The memorial service was held at Bethlehem Lutheran Church, which is in the northwest corner of Section 25 in Crane Creek Township, 153-91 on the government land survey. If you’re familiar with the land survey, you’ll understand that many of the mourners parked in another township, Wayzetta, which once had two townsites, Amanda and Epworth. Epworth still appears on some maps, but Amanda has disappeared.

The closest now is Belden, a Finnish community. The general store there has long since closed. We used to stop here to stock up for our fishing trips to the Van Hook arm of Lake Sakakawea, which is the reservoir behind Garrison Dam. We invariably headed to an area now called Brendl Bay, after the landowners. My grandfather won a homestead claim in a lottery when the federal government declared the north part of Fort Berthold reservation “surplus” and opened it to homesteaders. Dad grew up there, and had an enduring fondness for the place.

At the service, I talked with a woman who grew up in Elbowoods, the center of the Indigenous community at the time, and we reminisced about watching the water creep up the streets. “They wouldn’t have built it today,” I idly remarked. “They shouldn’t have built it then,” she replied.

The service took place outside on a beautiful summer morning. It was a straightforward Lutheran service. There was something powerful about standing under the open sky hearing the closing hymn, “What a Friend We Have in Jesus.” I didn't sing along.
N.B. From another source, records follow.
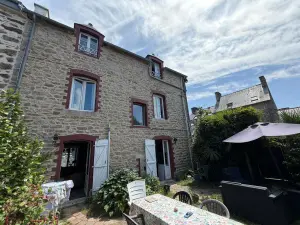 Maison a vendre Pleurtuit 35730 Ille-et-Vilaine 35 149 m2 9 pièces 418000 euros 35094-1348 001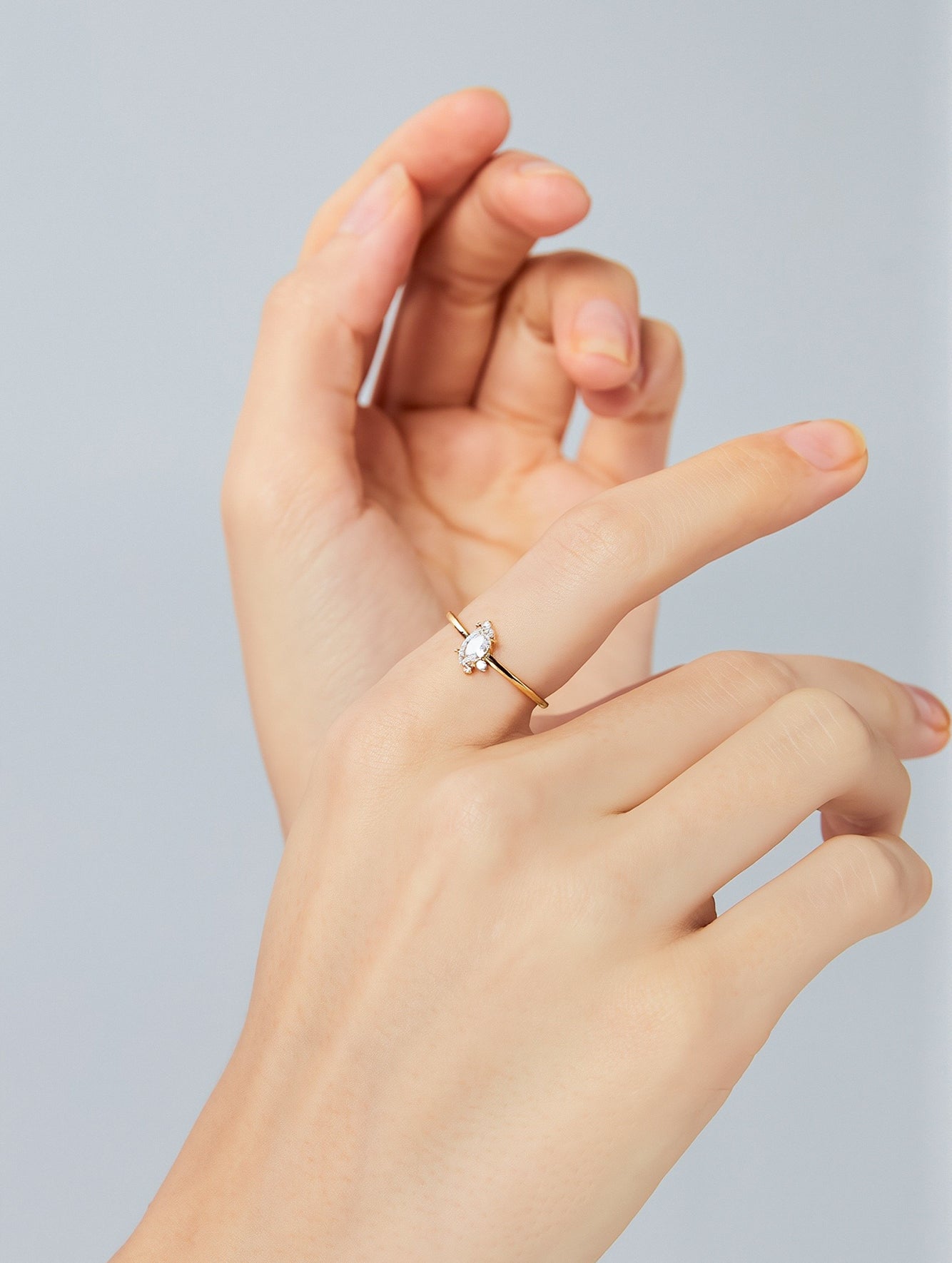 Minimalist Marquise Cubic Zirconia Ring in 18K Gold Plated Copper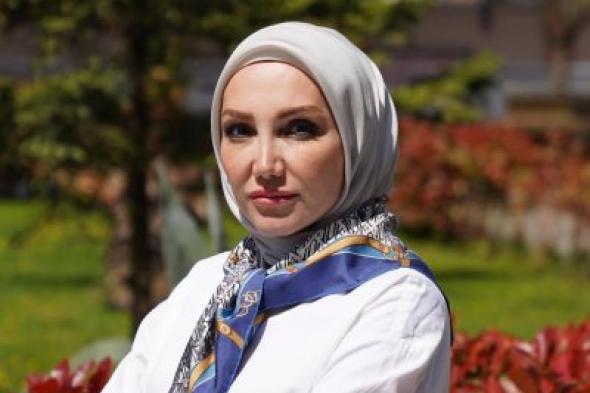 المهندسة الناشطة السياسية المناضلة المعمارية سيرين طباخ التي عملت من أجل الثورة السورية ونجاحها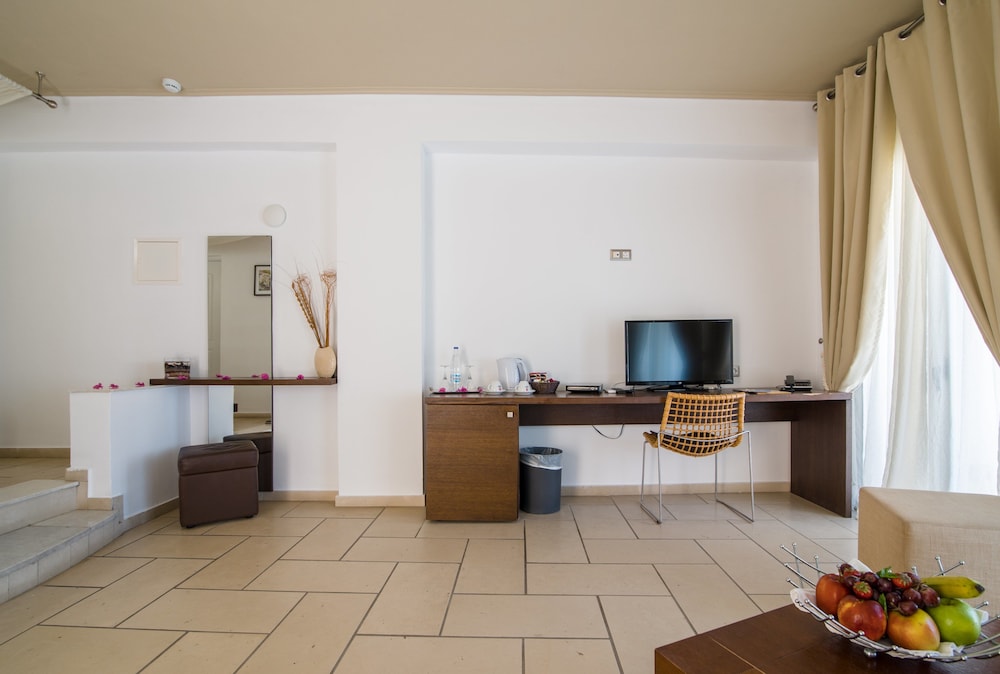 Hotel Antinea Suites & SPA — Hotel rooms in Kamari, South Aegean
Instead I listened to the beautiful soprano voice of the woman directly behind me.


I didn’t hang around for lunch after the service. I’d promised Suezette I’d be home by 5. My route took me past Plaza, which is named for its town square, one of the few in North Dakota, and past Wabek, now a ghost town, where my father remembered hearing A.C. Townley at a Nonpartisan League rally, probably in 1920. Then it was down the continental divide and the long drive home.

You’ll wonder about my fascination with the continental divide. One of our farm neighbors expressed it so plainly that I can hear him still: “I can straddle my legs and pee in two oceans,” he boasted.

I arrived at our new home at three minutes past 5, very nearly fulfilling my promise. The whole nostalgia-soaked adventure took 27 hours.

Mike Jacobs is a former editor and publisher of the Grand Forks Herald.